Além das ocupações a sedes do Incra, à área da Embrapa e as recentes na Bahia, o movimento já protestou em propriedades da Aracruz, no Espírito Santo, e da Suzano, também no estado baiano, ambas produtoras de papel e celulose, o que causou mais desgaste junto ao governo federal e aos ruralistas.

Ministro desconvidado

Ontem, em entrevista à CNN, o ministro da Agricultura Carlos Fávaro afirmou que foi “desconvidado” da Feira Internacional de Tecnologia Agrícola em Ação, o Agrishow, que ocorre a partir de segunda-feira em Ribeirão Preto (SP).
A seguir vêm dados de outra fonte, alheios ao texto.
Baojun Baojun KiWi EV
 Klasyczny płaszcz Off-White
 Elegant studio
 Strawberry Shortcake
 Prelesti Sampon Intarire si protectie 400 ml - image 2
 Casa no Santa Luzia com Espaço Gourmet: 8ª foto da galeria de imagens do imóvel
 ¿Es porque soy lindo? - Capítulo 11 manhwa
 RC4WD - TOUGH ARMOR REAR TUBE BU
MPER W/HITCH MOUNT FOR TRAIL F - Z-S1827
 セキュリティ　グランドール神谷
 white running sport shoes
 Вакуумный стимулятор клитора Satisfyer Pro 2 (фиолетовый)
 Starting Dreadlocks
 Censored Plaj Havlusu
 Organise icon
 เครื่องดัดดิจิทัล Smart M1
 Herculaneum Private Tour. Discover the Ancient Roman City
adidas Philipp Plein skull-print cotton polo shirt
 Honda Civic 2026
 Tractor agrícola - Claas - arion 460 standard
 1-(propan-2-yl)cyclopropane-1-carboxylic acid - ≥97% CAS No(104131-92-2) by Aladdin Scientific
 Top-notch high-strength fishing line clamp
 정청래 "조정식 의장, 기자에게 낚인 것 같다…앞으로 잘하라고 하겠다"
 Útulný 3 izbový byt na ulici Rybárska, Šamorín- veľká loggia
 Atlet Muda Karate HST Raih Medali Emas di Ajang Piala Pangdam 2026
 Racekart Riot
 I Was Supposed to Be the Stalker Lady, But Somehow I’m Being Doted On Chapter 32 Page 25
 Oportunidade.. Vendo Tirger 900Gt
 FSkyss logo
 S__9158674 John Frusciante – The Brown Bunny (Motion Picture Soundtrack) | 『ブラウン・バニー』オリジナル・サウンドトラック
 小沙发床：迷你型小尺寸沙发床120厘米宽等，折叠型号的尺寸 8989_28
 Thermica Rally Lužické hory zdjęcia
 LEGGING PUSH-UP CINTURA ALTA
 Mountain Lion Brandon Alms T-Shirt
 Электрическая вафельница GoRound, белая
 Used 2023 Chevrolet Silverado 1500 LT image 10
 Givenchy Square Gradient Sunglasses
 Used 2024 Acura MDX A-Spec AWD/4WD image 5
O desconforto ocorreu após a confirmação de presença de Jair Bolsonaro (PL) na abertura do evento.

De acordo com o ministro de Lula, ele foi informado da participação de Bolsonaro, o que poderia causar tumulto ou constrangimento. Contou que a organização teria sugerido que comparecesse ao segundo dia. Ele recusou e disse ter entendido o recado: —Sem rancor.

A direção da Agrishow negou ter desconvidado Fávaro.